Proposed Episcopalian Cathedral for Havana, Cuba (1905)

Goodhue's interest in many styles, particularly his reputation as a Gothicist in light of his great love of the Churriguesque and other Hispanic styles, particularly intrigues me, as I often find myself in the same place. One of my favorite designs by the man is a curious and rather crisp Spanish-English Baroque hybrid for, of all things, a Methodist auditorium church in the presumably Puritan stronghold of Newton Corner, Massachusetts. This design Goodhue's sometimes rather cranky collaborator Ralph Adams Cram called "the worst I had ever built."


Newton Corner Methodist Church, Newton Corner, Massachusetts (1895)

Cram himself had a love for the Sicilian baroque. He was much more excited with the design he and Goodhue did in that style (with a bit of San Marco in Venice tossed in for good mesure) at another Massachusetts church, SS. Peter and Paul. This one was more appropriately a Catholic parish. Cram excitedly exclaimed it would revolutionize Catholic architecture in the country, but it seems to have been sadly forgotten. The Baroque component, though, is curiously flat and rather gentle in spite of its riotous acreage of shallow-relief plasterwork.
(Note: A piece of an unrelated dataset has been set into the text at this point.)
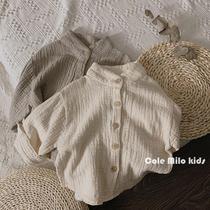 Mori retro childrens shirt foreign style collar girl cotton linen shirt Korean tide boy fashion coat childrens clothing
Cram and Goodhue were never quite able to approach the sublimity of the curve that so animates the highest examples of Sicily's wild and quite wonderfully unruly Baroque. But that they loved it showed that Gothic and Baroque were not incompatible, or at the very least, there was room in the world for both.


Los Todos Santos [sic] Parish Church (Episcopalian), Guantanamo, Cuba (1905)
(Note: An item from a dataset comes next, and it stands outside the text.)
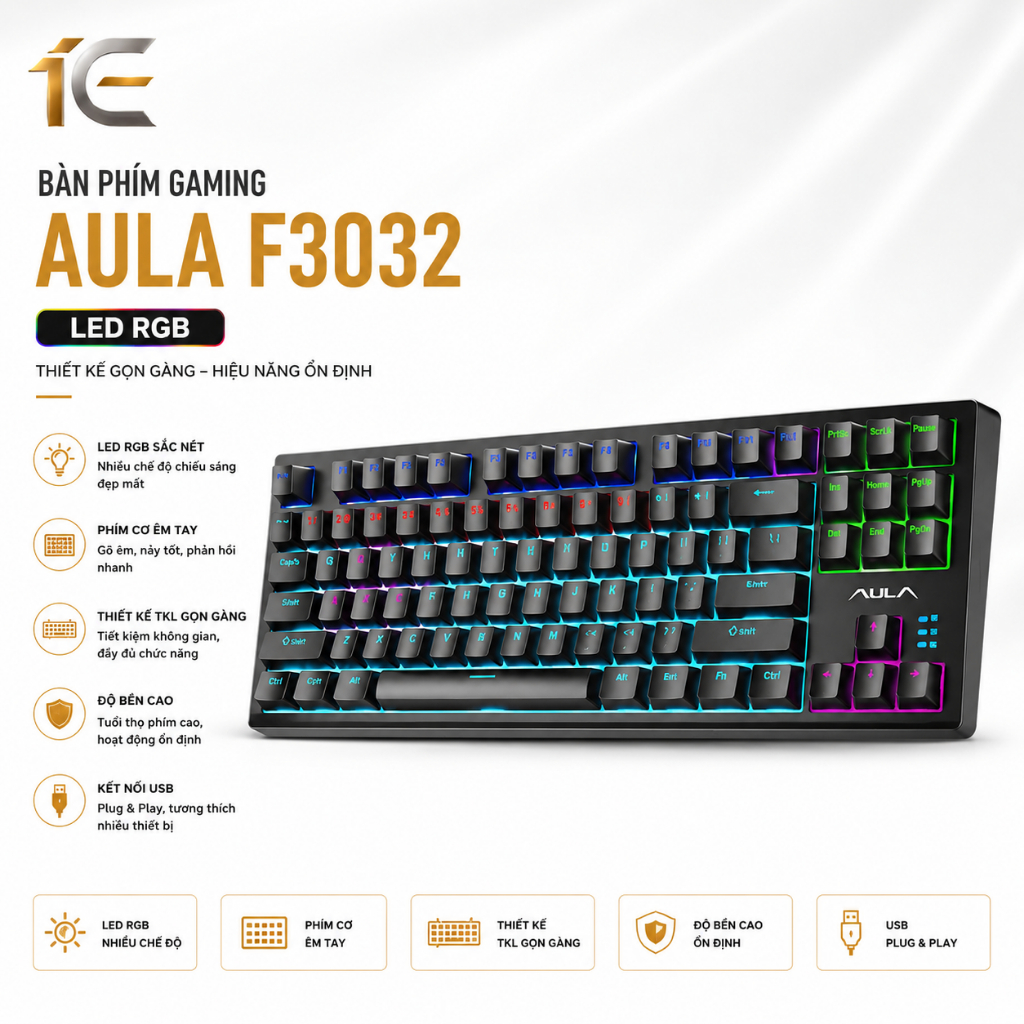 Bàn phím Gaming Aula F3032 LED RGB | Hot-swap | Fullsize 104 phím | Switch quang cơ | Keycap ABS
A particularly esoteric bit of Goodhue's oeuvre (done when he was a member of the firm of Cram, Goodhue and Ferguson) are a number of church designs he did for Episcopalians in Cuba, after the inrush of Yankees that had come in the wake of the island's independence from Spain. They are in plan the standard Anglican parish with chancel and choirstalls, done up in what he assumed was the vernacular of the place. To me, they appear more Mexican than Cuban in their stucco-walled flamboyance (Cuba's architecture being more restrained, classical and Carribean in outlook), but remain marvels of a strong, planar, blocky Baroque proto-moderne of sorts.

Despite my fondness for the gilded flamboyance of Spanish Catholicism, I do have to admit that the Hispanic mode of the Baroque, while splendid, lacks much of the metropolitan sophistication of its Roman counterparts. It is more applied than sculptural, an architecture of decoration rather than structure. Still, these examples of it show its relevance to today, and also to the peculiar problems of the church-builder today. The concentrated bursts of ornament that decorate its otherwise blank and often beautifully textured walls provide a model which might not be outside the grasp of a parish's finances today. (Spain, in spite of the baroque, ornament-by-the-yard stereotype, has a history of doing simple things well--take for example the "plain style" of the Escorial). Certainly the country chuch of Los Todos Santos must have been a comparatively low-budget affair, even then.



Santisima Trinidad Episcopalian Pro-Cathedral, Havana (1905)

The only problem, of course, is that Hispanic baroque or its country cousin, the Mission style, is very much a regional architecture. Still, consiering Mexico ranges in climate from the blistering cold of the Sierra to the warm humidity of Vera Cruz, its sunny, southern nature is largely an imposition of the Yankee mind, and need not be so. While we must continue to push for the revival of craft and sculptural traditions, such architecture which knows how to make a virtue of economy (in its less high-flying forms, that is) provides fruitful ideas for the churchbuilder of today.